**THE PROBLEM**
Restate word for word each line from the one containing "Bel Cif, Clivio premia i benemeriti" through the end of the material, and nothing more. Drop every picture.

**DATASET SECTION**
------------------------

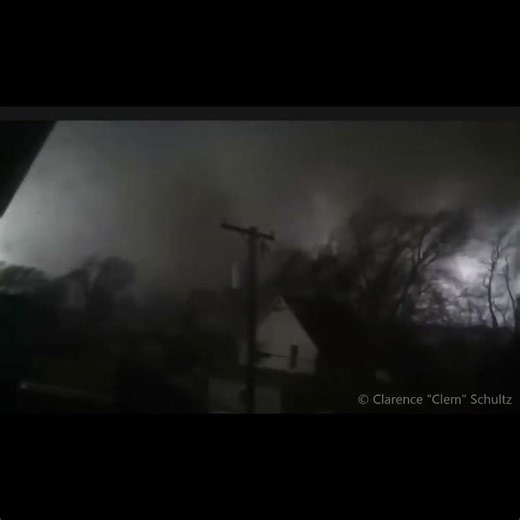MAN FILMS MONSTER TORNADO HITTING HIS HOUSE! #severestorms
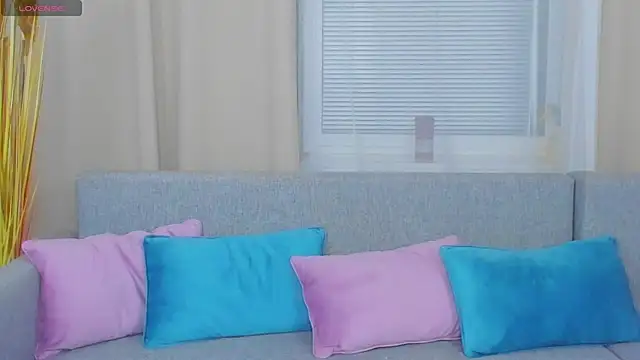 MyEllaLuvs online show from November 2025 09:28:01 PM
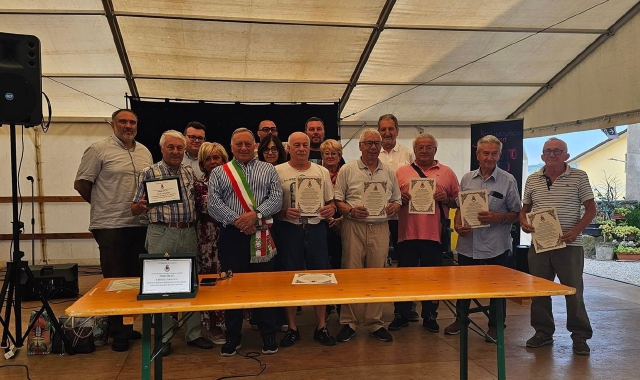 Bel Cif, Clivio premia i benemeriti
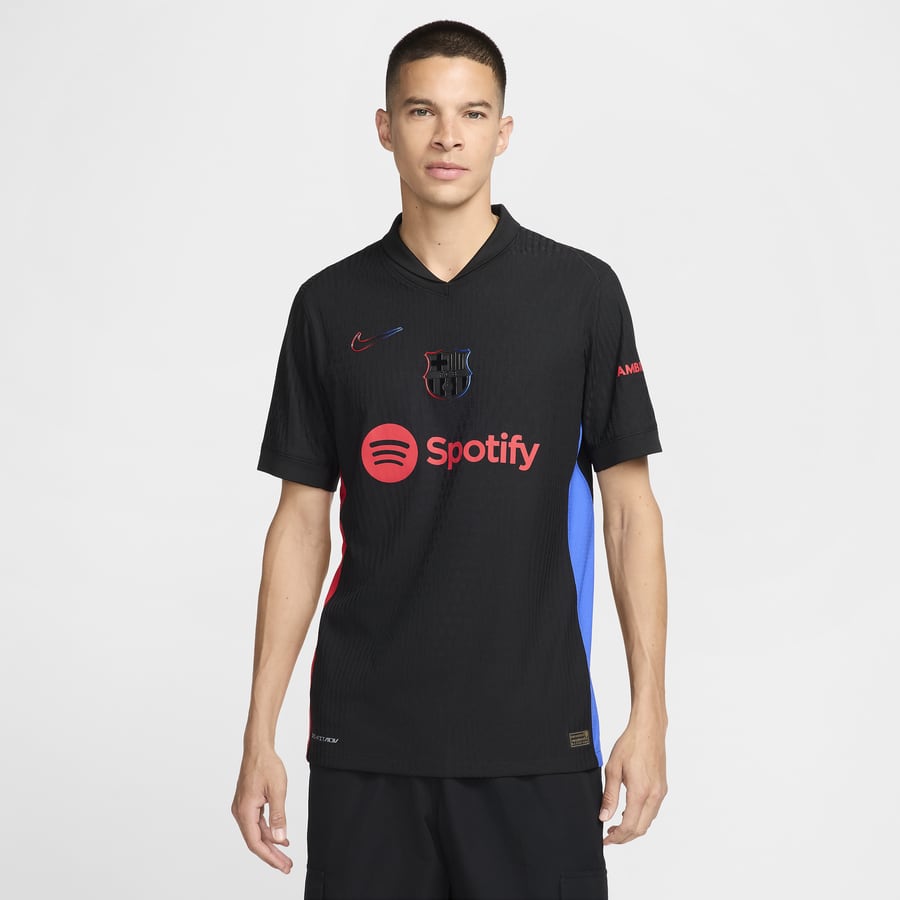How to Wash a Sports Jersey Properly. Nike CA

------------------------

**SOLUTION FOR THIS PROBLEM**
 Bel Cif, Clivio premia i benemeriti
How to Wash a Sports Jersey Properly. Nike CA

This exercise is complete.